Schlegel, 61, a professor of chemistry at Wayne State University, is perhaps best known as the creator of the Berny optimizer, an optimization program stemming from his doctoral research at Queen’s University, in Kingston, Ontario, where he earned a Ph.D. in physical organic chemistry in 1975. The program was popularized with its inclusion as a molecular geometry optimization program in the ubiquitous Gaussian suite of software developed by Nobel Laureate John Pople and associates.
When Schlegel began studying chemistry, researchers had to fend for themselves regarding software tools. Even in this environment, he showed a natural propensity for computational work. “My adviser wanted me to do a combination of experimental organic chemistry and computation,” he says. “I found I had a unique talent for making black and insoluble tars—none of the reactions I did worked out very well. I was in better tune with writing the computer programs and making them do what I wanted them to do.”

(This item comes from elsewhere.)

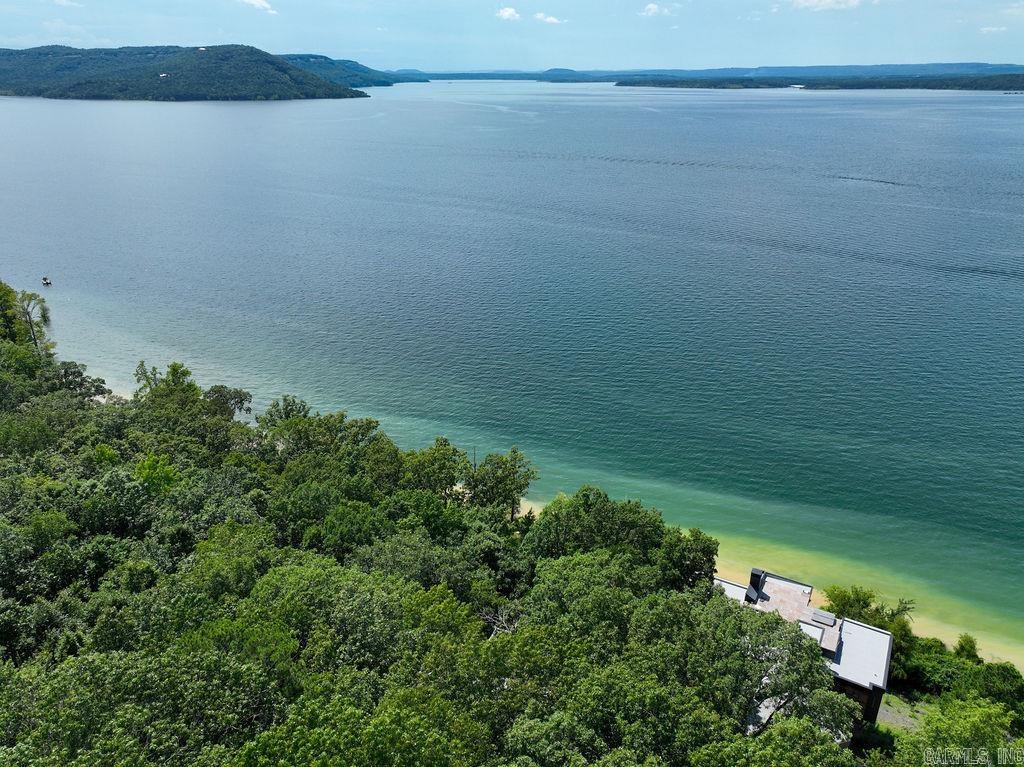 Premier Lakefront Estate on Eden Isle Nestled on the most coveted lot in Cleburne County’s prestigious Eden Isle community, this exceptional property offers unrivaled lake views from both the main residence and the charming guest house. Designed for comfort and elegance, the spacious main home features expansive windows that frame Greers Ferry Lake like a living masterpiece. The guest house provides privacy and flexibility—ideal for hosting friends, extended family, or even generating rental income. Whether you're enjoying sunrise coffee on the deck or sunset gatherings by the water, this property delivers a lifestyle of serenity and sophistication in one of Arkansas’ most exclusive lakefront enclaves.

Awarded a National Research Council of Canada-North Atlantic Treaty Organization postdoctoral fellowship, Schlegel began work at Princeton University and then continued his postdoctoral studies at Carnegie Mellon University, where he developed his geometric optimization program. After two years at Merck Sharp & Dohme Research Laboratories, where he carried out molecular orbital calculations for guiding drug design, Schlegel took an assistant professorship at Wayne State in 1980. He was promoted to full professor in 1986.
Schlegel has been instrumental in developing and teaching computational methods over a 30-year period during which computers filled chemistry laboratories. “In the 1970s,” he says, “computational chemistry was just for experts playing around with small model systems. By the ’80s, there were certain classes of problems that computation methods could solve almost as accurately as experimental work, and by the ’90s, there were areas of physical chemistry where computation was a sort of equal partner with experimentation.”
Schlegel played a role in brokering that partnership, according to G. Andrés Cisneros, a colleague in Wayne State’s chemistry department. “Millions of calculations are carried out each year worldwide with Gaussian, utilizing the algorithms developed by Schlegel and his group. His work touches every aspect of chemistry today,” Cisneros notes.
Credited with more than 340 publications, Schlegel has received an extraordinarily large number of citations. “Optimization of Equilibrium Geometries and Transition Structures,” published in the Journal of Computational Chemistry in 1982, for example, garnered more than 2,300 citations. Addressing the combination of structure theory and potential-energy surface exploration with the application of quantum chemistry to the study of reactivity and mechanism, the paper has been called the culmination of Schlegel’s research program through the 1970s and the basis for his work going forward.
Schlegel will present the award address before the ACS Division of Computers in Chemistry.